In 1963, Plantinga accepted an invitation to move to the philosophy department at Calvin College to replace Jellema, who was retiring at the age of 70. He remained at Calvin College for nineteen years, during which he was a fellow of the Center for Advanced Study in the Behavioral Sciences in 1968–69; a Guggenheim Fellow in 1971 and 1972; a visiting fellow at Balliol College, Oxford, in 1975–76; and the vice president of the Central Division of the American Philosophical Association from 1980 to 1981, then its president from 1981 to 1982. He was an associate professor of philosophy at Calvin College from 1963 to 1964, then a full professor from 1964 onwards. He also held various teaching appointments at Harvard Divinity School, the University of Oxford, the University of California, Los Angeles, and the University of Illinois.

In 1982, Plantinga moved to the University of Notre Dame, where he was appointed the John A. O'Brien Professor of Philosophy and the director of its Center for Philosophy of Religion. As a professor at Notre Dame, he served as the president of the Society of Christian Philosophers from 1982 to 1986, an organization which he co-founded. He also held named lectureships at Fordham University (1986), Princeton University (1990), Virginia Tech (1991), and the University of Florida (1995). He retired from full-time teaching at Notre Dame in 2010 (becoming a professor emeritus), but began teaching part-time in 2011 at Calvin College, where he became the inaugural holder of its William Harry Jellema Chair in Philosophy.

Notable students of Plantinga include the philosophers Michael Bergmann, Kelly James Clark, Robin Collins, Thomas Flint, Trenton Merricks, and Michael Rea. In 2014, Plantinga was the 30th most-cited contemporary author in the Stanford Encyclopedia of Philosophy.

== Philosophy ==
Plantinga is the author of more than 160 articles, essays, and books. In 1980, Time magazine described him as "America's leading Protestant philosopher of God". Canadian religious scholar John G. Stackhouse Jr. described him in 2001 as "arguably the greatest philosopher of the last century". Philosopher James Beilby described him in 2005 as "undoubtedly one of the world's most respected philosophers". Deane Baker of the University of Sydney wrote in 2007: "Few thinkers have had as much impact on contemporary philosophy as has Alvin Plantinga". According to theologians William Edgar and K. Scott Oliphint, "it would not be an overstatement to say that virtually all matters metaphysical and epistemological must address much of Plantinga's own work".

Plantinga has argued that some people can know that God exists as a basic belief, requiring no argument.
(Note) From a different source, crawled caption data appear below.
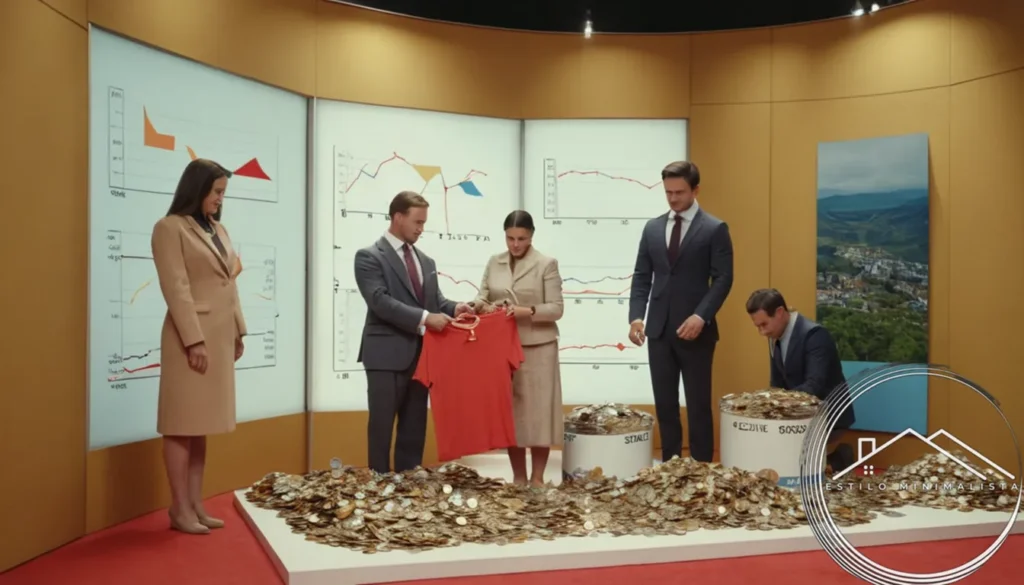 3-D people donating clothes surrounded by graphs and coins.
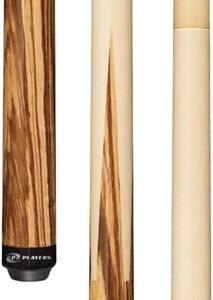 Players 58" 2-Piece Zebrawood and Birds-Eye Maple Sneaky Pete Billiard Pool Cue Stick, Natural, 18oz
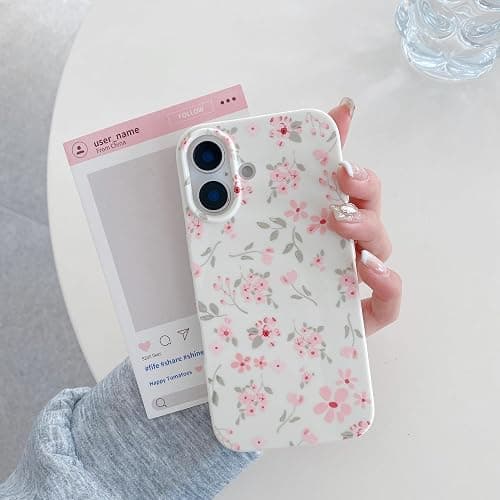 QLTYPRI for iPhone 16 Case, Cute Pink Floral Flower Pattern Aesthetic Phone Case, Raised Camera Protection Soft Slim TPU Shockproof Protective Phone Cover for Girls Women - Pink thumbnail 2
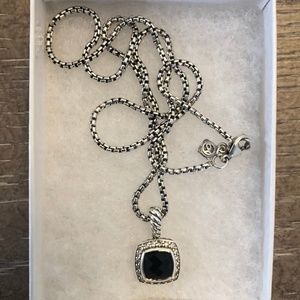 David Yurman Petite Albion Pendant Necklace Onyx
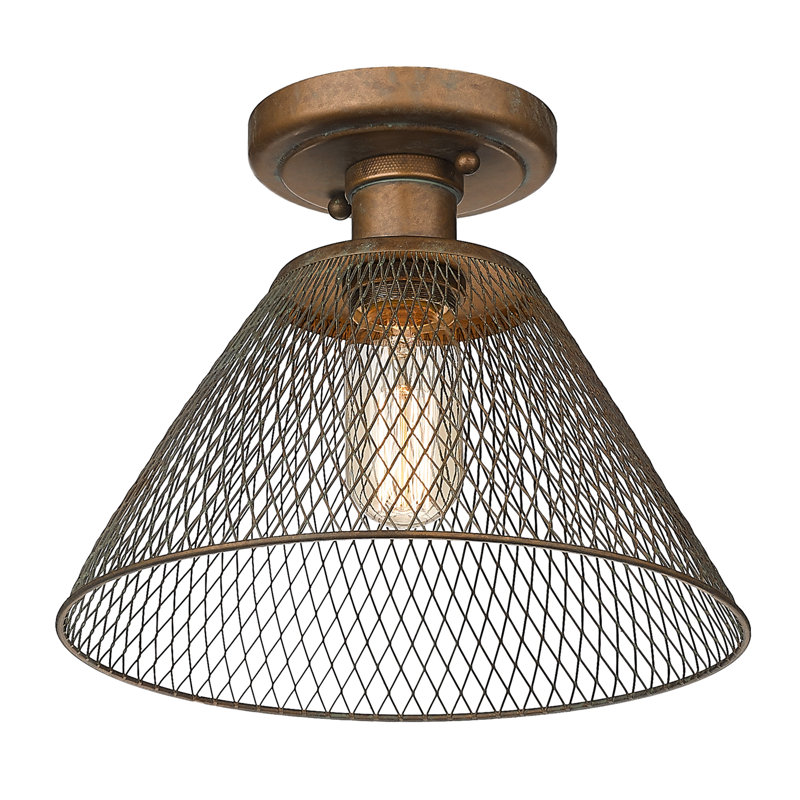 Plafonnier semi-encastré 1 lumière 8,25 po Searcy, Patine cuivre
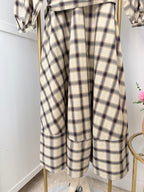 Beige Checked Belted Midi Dress
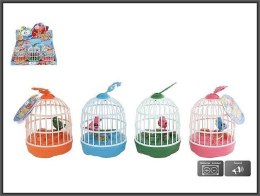 Figurka Ptaszek gwiżdżący w klatce 15cm 4-rodzaje Hipo (621410)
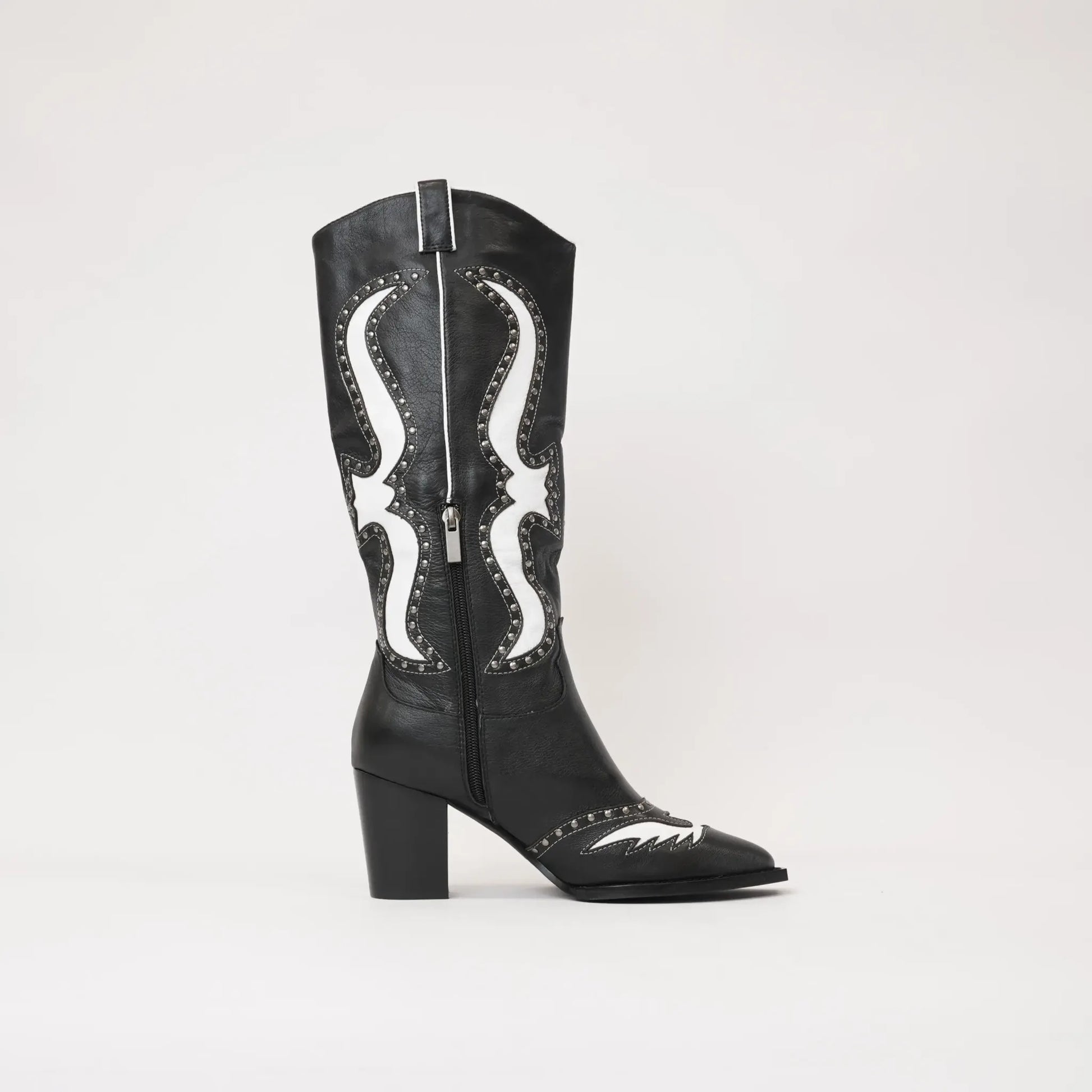 Lurva Black/White Leather Knee High Boots, MOLLINI - Shouz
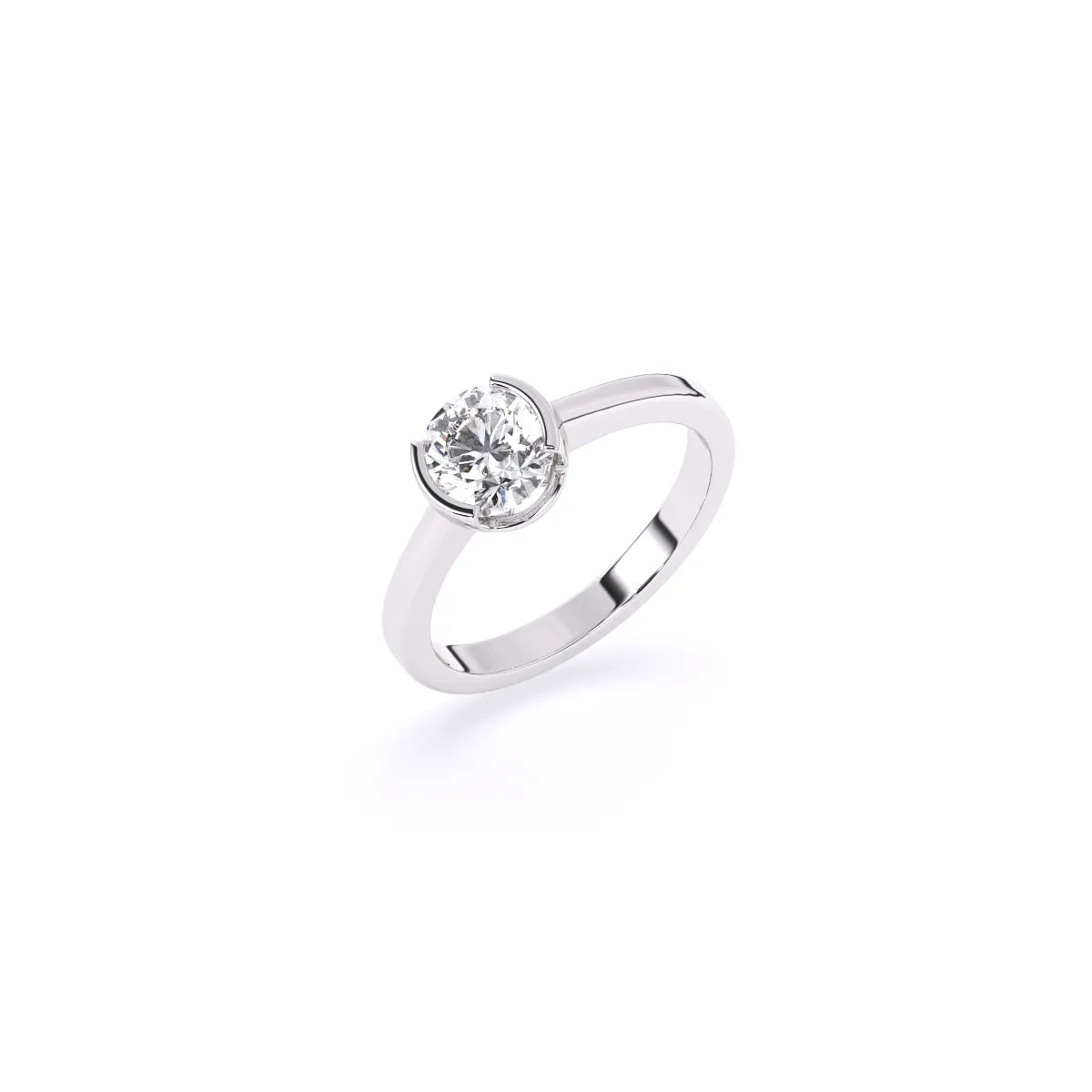 Round Half Bezel Solitaire Diamond Ring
He developed this argument in two different ways: firstly, in God and Other Minds (1967), by drawing an equivalence between the teleological argument and the common sense view that people have of other minds existing by analogy with their own minds. Plantinga has also developed a more comprehensive epistemological account of the nature of warrant which allows for the existence of God as a basic belief.

Plantinga has also argued that there is no logical inconsistency between the existence of evil and the existence of an all-powerful, all-knowing, wholly good God.

=== Problem of evil ===

Plantinga proposed a "free-will defense" in a volume edited by Max Black in 1965, which attempts to refute the logical problem of evil, the argument that the existence of evil is logically incompatible with the existence of an omnipotent, omniscient, wholly good God. Plantinga's argument (in a truncated form) states that "It is possible that God, even being omnipotent, could not create a world with free creatures who never choose evil. Furthermore, it is possible that God, even being omnibenevolent, would desire to create a world which contains evil if moral goodness requires free moral creatures."

However, the argument's handling of natural evil has been disputed. According to the Internet Encyclopedia of Philosophy, the argument also "conflicts with important theistic doctrines" such as the notion of a heaven where free saved souls reside without doing evil, and the idea that God has free will yet is wholly good. Critics thus maintain that, if we take such doctrines to be (as Christians usually have), God could have created free creatures that always do right, contra Plantinga's claim. J. L. Mackie saw Plantinga's free-will defense as incoherent.

Plantinga's well-received book God, Freedom and Evil, written in 1974, gave his response to what he saw as the incomplete and uncritical view of theism's criticism of theodicy. Plantinga's contribution stated that when the issue of a comprehensive doctrine of freedom is added to the discussion of the goodness of God and the omnipotence of God then it is not possible to exclude the presence of evil in the world after introducing freedom into the discussion. Plantinga's own summary occurs in his discussion titled "Could God Have Created a World Containing Moral Good but No Moral Evil", where he states his conclusion that, "... the price for creating a world in which they produce moral good is creating one in which they also produce moral evil."

=== Reformed epistemology ===

What Plantinga calls "Reformed epistemology" holds that belief in God can be rational and justified even without arguments or evidence for the existence of God. More specifically, he argues belief in God is properly basic, and due to a religious externalist epistemology, he claims that it could be justified independently of evidence. His externalist epistemology, called "proper functionalism", is a form of epistemological reliabilism.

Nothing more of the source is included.